**Records supplied:**
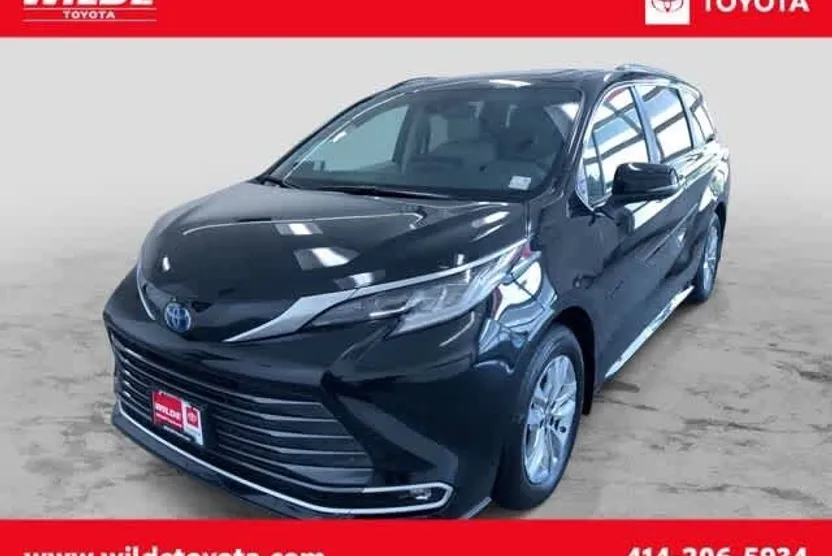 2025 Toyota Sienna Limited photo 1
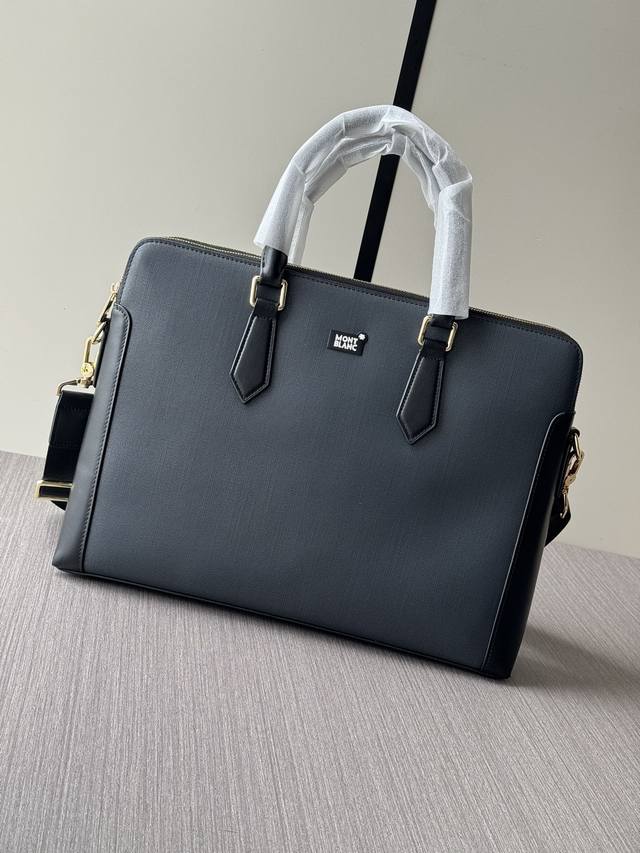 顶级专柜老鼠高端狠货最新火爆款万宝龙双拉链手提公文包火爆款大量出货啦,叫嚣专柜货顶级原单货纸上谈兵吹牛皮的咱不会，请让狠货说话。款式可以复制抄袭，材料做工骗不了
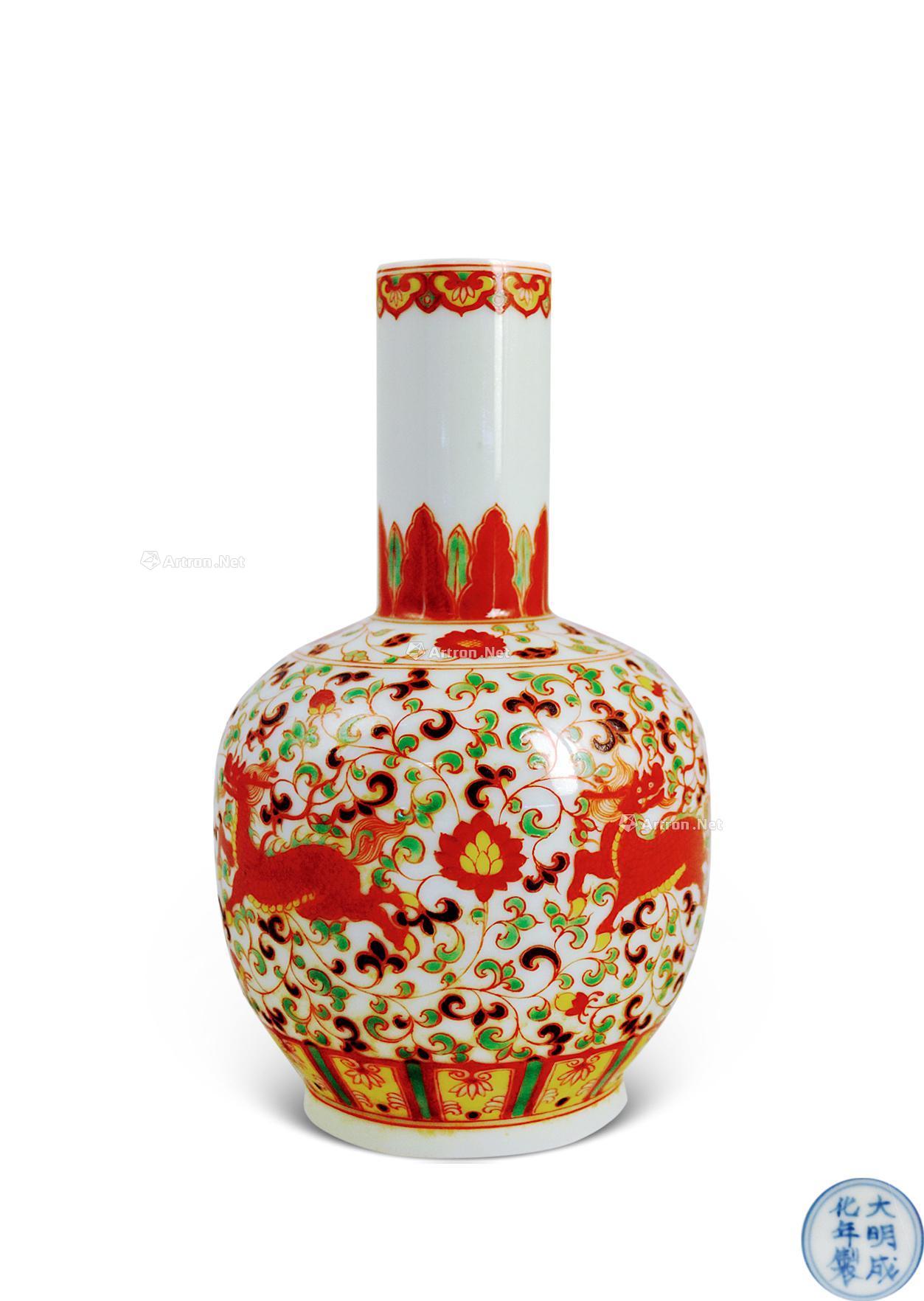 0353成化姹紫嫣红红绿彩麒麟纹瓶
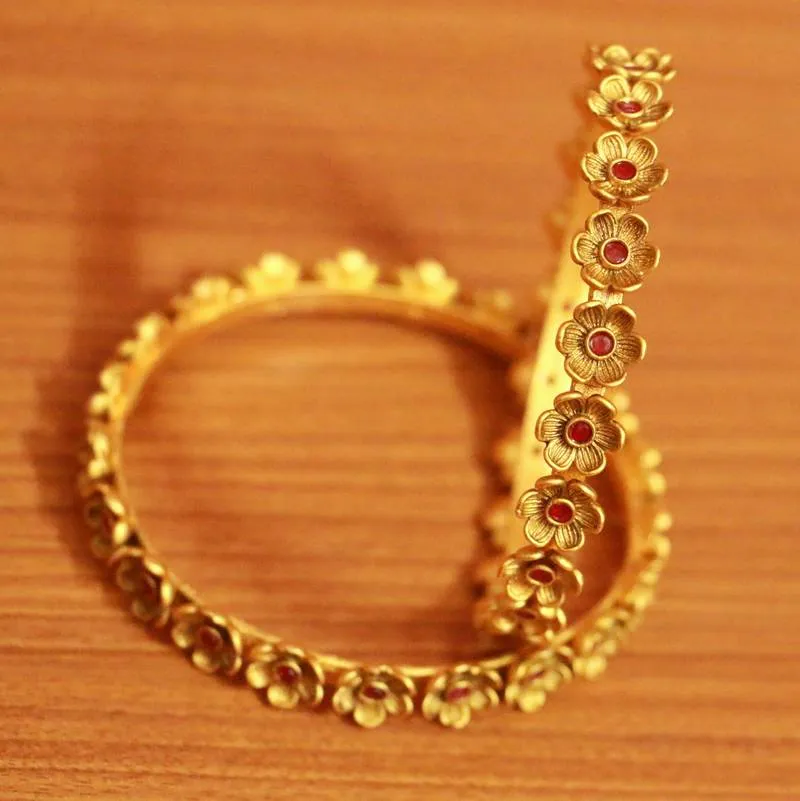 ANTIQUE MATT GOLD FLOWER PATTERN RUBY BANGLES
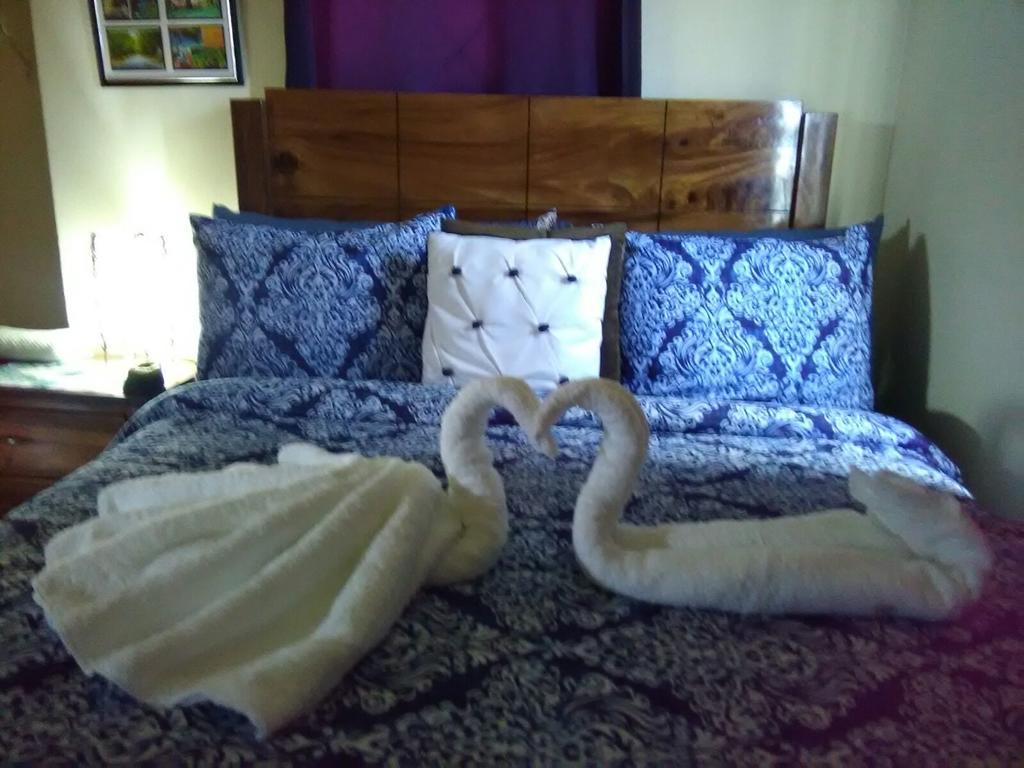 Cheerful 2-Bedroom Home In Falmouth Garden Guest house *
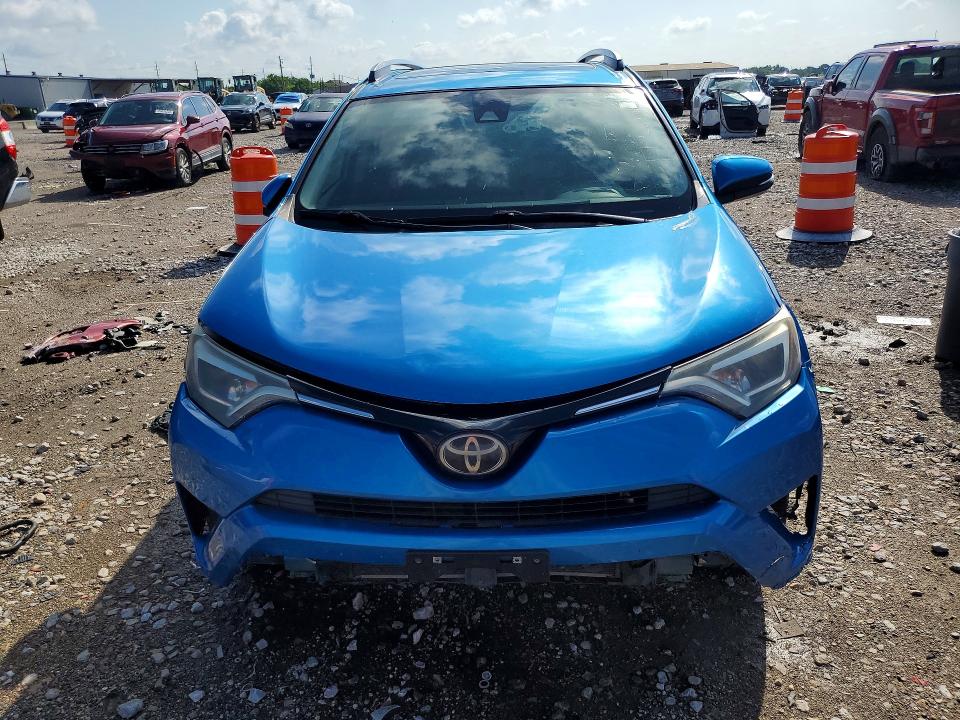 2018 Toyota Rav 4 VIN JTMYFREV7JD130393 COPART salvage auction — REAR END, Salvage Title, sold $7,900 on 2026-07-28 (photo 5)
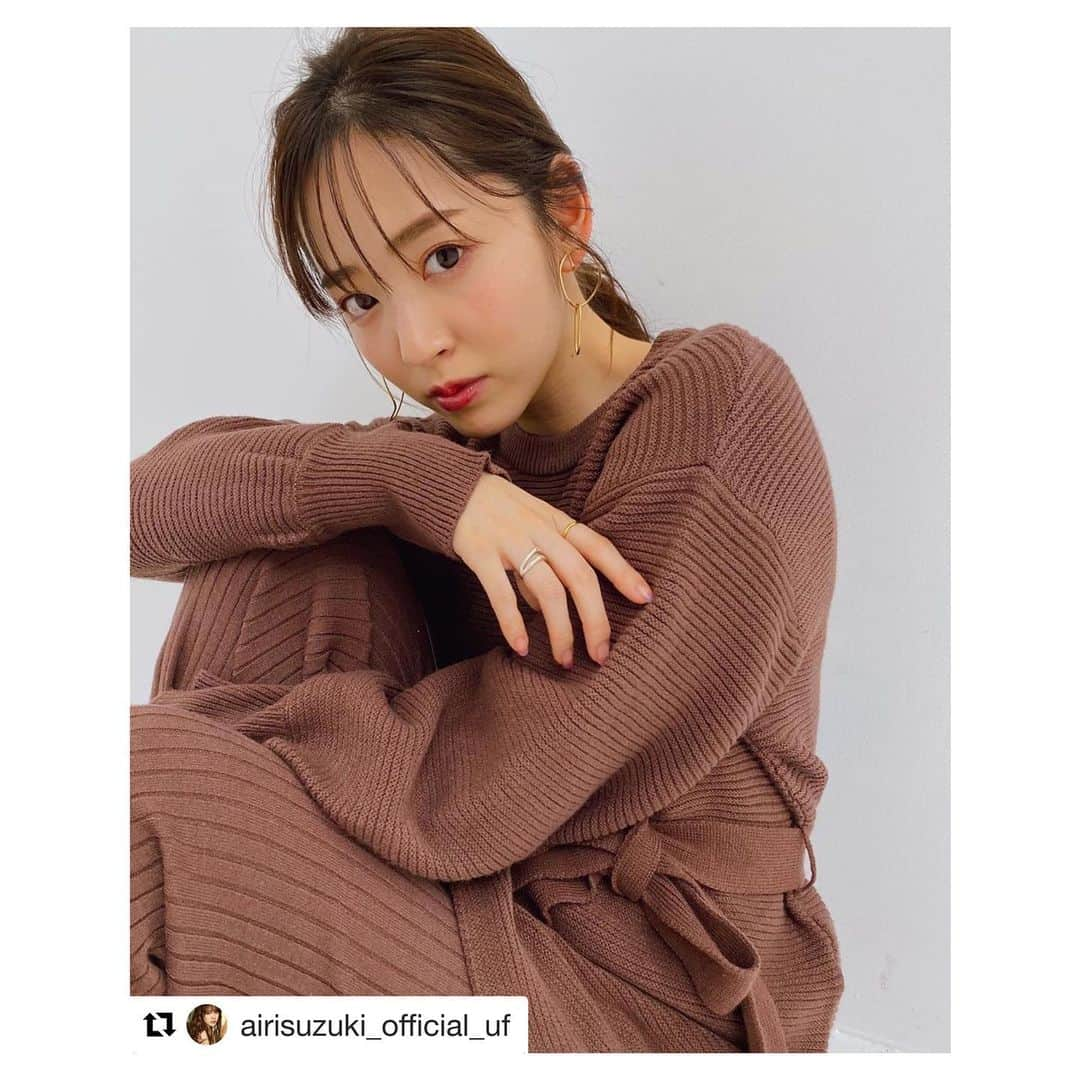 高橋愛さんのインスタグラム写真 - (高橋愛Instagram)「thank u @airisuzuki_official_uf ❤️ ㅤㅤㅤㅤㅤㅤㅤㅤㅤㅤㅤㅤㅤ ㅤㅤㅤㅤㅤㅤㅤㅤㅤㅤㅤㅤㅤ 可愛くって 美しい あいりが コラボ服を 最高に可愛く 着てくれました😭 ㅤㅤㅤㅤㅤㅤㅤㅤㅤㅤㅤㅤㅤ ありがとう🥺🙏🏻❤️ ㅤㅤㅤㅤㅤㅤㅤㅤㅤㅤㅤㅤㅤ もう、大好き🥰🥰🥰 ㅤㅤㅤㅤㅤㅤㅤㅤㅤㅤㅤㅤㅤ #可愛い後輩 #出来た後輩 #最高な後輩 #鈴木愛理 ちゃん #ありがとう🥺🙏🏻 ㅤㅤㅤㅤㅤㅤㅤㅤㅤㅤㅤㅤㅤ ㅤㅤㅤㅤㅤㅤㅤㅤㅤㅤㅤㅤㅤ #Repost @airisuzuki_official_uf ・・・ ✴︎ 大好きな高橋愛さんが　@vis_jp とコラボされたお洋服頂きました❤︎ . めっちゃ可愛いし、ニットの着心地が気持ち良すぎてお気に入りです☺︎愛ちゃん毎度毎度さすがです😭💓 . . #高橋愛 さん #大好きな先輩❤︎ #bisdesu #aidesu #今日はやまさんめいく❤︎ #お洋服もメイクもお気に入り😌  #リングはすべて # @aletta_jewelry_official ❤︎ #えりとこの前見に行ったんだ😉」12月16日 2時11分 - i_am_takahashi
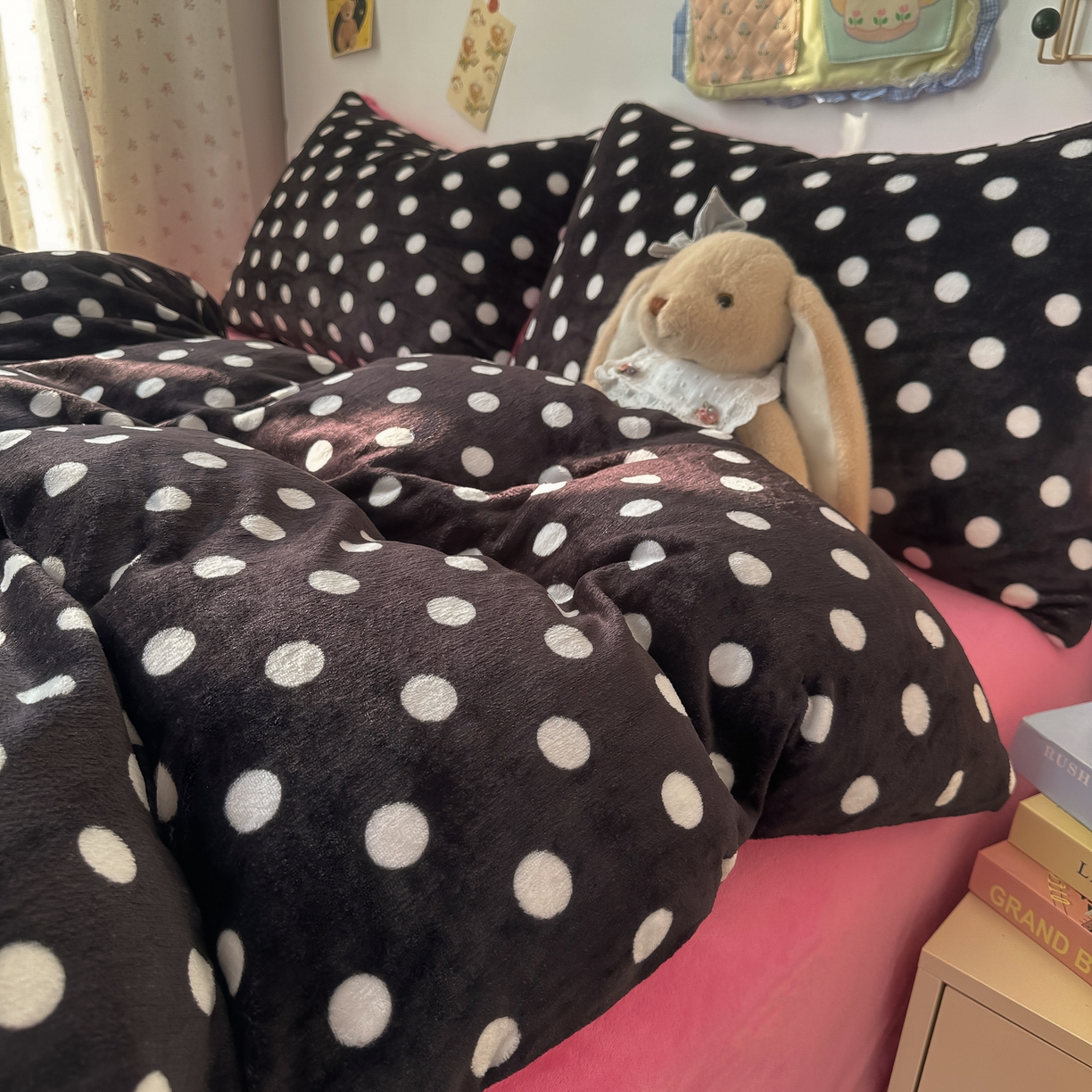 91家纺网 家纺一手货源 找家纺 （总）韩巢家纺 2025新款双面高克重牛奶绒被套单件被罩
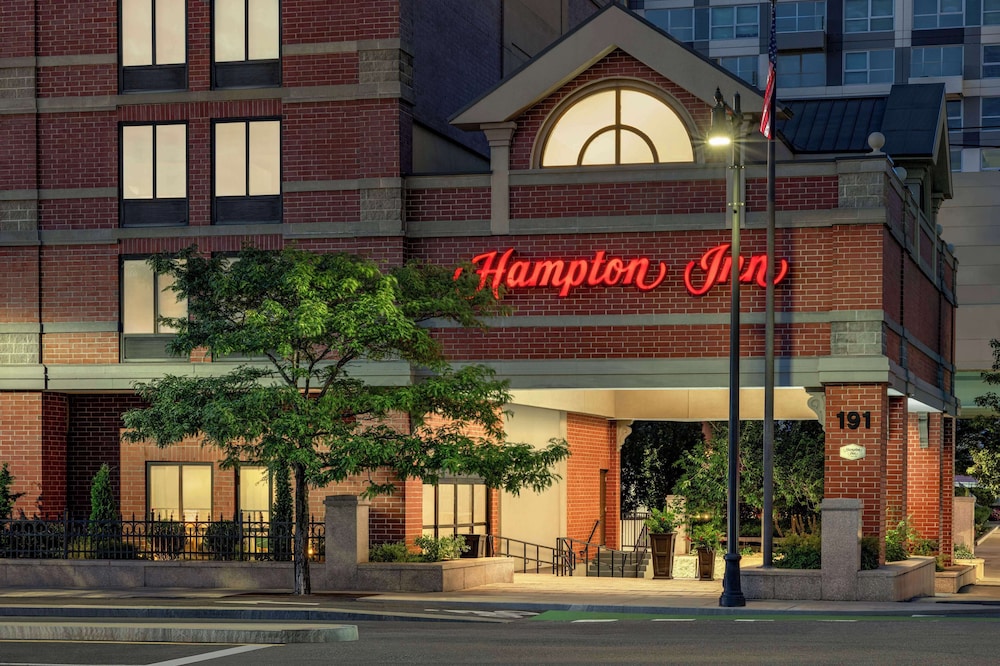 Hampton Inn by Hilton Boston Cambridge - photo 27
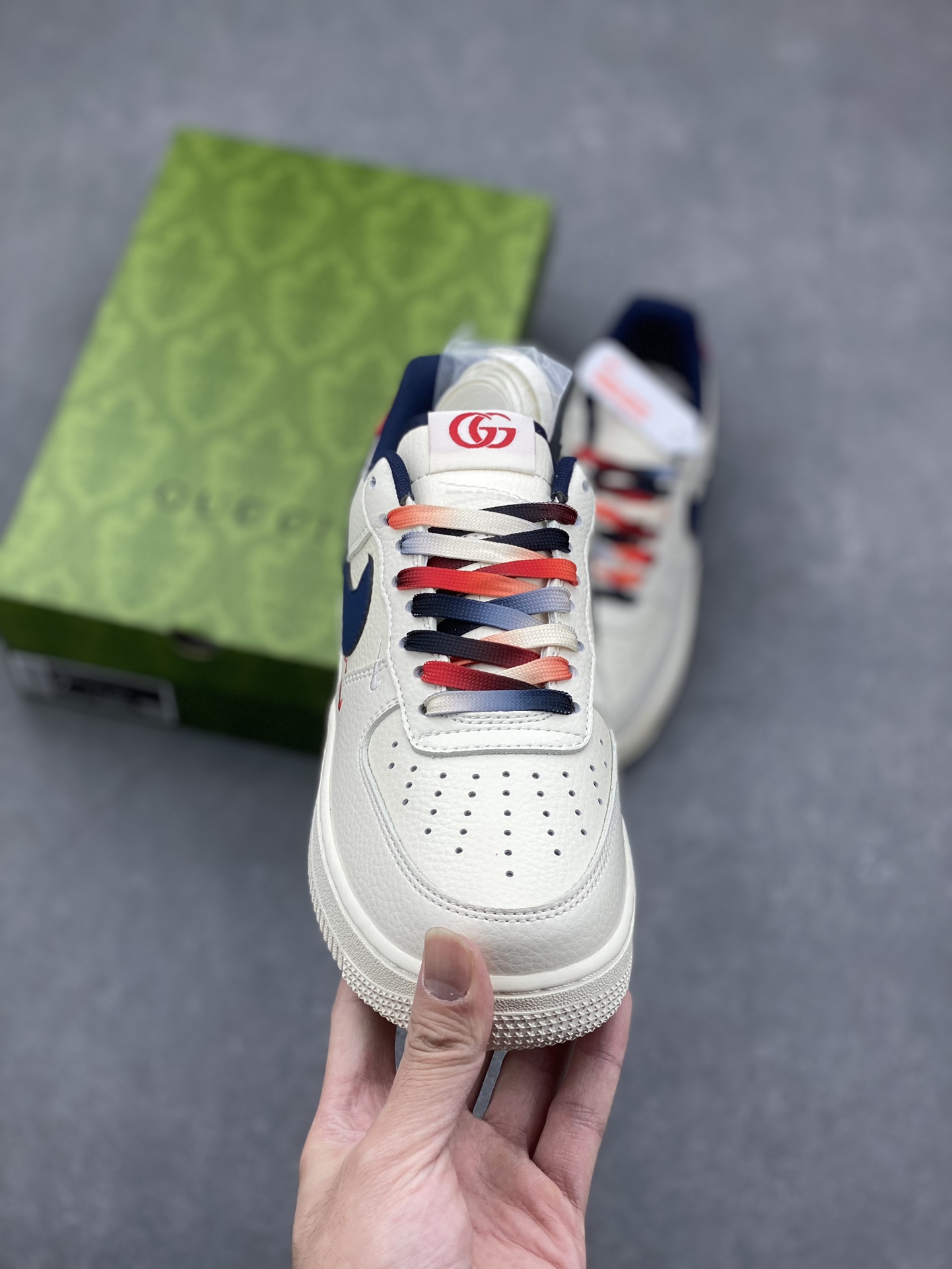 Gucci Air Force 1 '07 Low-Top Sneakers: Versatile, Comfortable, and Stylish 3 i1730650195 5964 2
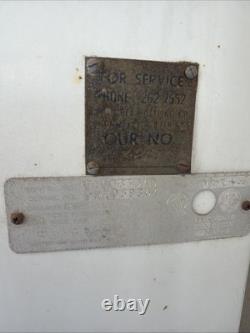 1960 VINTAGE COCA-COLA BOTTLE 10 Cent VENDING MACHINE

**What the task asks:** Repeat the listing word for word, omitting the pictures.

**Exercise answer:**
 2025 Toyota Sienna Limited photo 1
 顶级专柜老鼠高端狠货最新火爆款万宝龙双拉链手提公文包火爆款大量出货啦,叫嚣专柜货顶级原单货纸上谈兵吹牛皮的咱不会，请让狠货说话。款式可以复制抄袭，材料做工骗不了
 0353成化姹紫嫣红红绿彩麒麟纹瓶
 ANTIQUE MATT GOLD FLOWER PATTERN RUBY BANGLES
 Cheerful 2-Bedroom Home In Falmouth Garden Guest house *
 2018 Toyota Rav 4 VIN JTMYFREV7JD130393 COPART salvage auction — REAR END, Salvage Title, sold $7,900 on 2026-07-28 (photo 5)
 高橋愛さんのインスタグラム写真 - (高橋愛Instagram)「thank u @airisuzuki_official_uf ❤️ ㅤㅤㅤㅤㅤㅤㅤㅤㅤㅤㅤㅤㅤ ㅤㅤㅤㅤㅤㅤㅤㅤㅤㅤㅤㅤㅤ 可愛くって 美しい あいりが コラボ服を 最高に可愛く 着てくれました😭 ㅤㅤㅤㅤㅤㅤㅤㅤㅤㅤㅤㅤㅤ ありがとう🥺🙏🏻❤️ ㅤㅤㅤㅤㅤㅤㅤㅤㅤㅤㅤㅤㅤ もう、大好き🥰🥰🥰 ㅤㅤㅤㅤㅤㅤㅤㅤㅤㅤㅤㅤㅤ #可愛い後輩 #出来た後輩 #最高な後輩 #鈴木愛理 ちゃん #ありがとう🥺🙏🏻 ㅤㅤㅤㅤㅤㅤㅤㅤㅤㅤㅤㅤㅤ ㅤㅤㅤㅤㅤㅤㅤㅤㅤㅤㅤㅤㅤ #Repost @airisuzuki_official_uf ・・・ ✴︎ 大好きな高橋愛さんが　@vis_jp とコラボされたお洋服頂きました❤︎ . めっちゃ可愛いし、ニットの着心地が気持ち良すぎてお気に入りです☺︎愛ちゃん毎度毎度さすがです😭💓 . . #高橋愛 さん #大好きな先輩❤︎ #bisdesu #aidesu #今日はやまさんめいく❤︎ #お洋服もメイクもお気に入り😌  #リングはすべて # @aletta_jewelry_official ❤︎ #えりとこの前見に行ったんだ😉」12月16日 2時11分 - i_am_takahashi
 91家纺网 家纺一手货源 找家纺 （总）韩巢家纺 2025新款双面高克重牛奶绒被套单件被罩
 Hampton Inn by Hilton Boston Cambridge - photo 27
 Gucci Air Force 1 '07 Low-Top Sneakers: Versatile, Comfortable, and Stylish 3 i1730650195 5964 2
 1960 VINTAGE COCA-COLA BOTTLE 10 Cent VENDING MACHINE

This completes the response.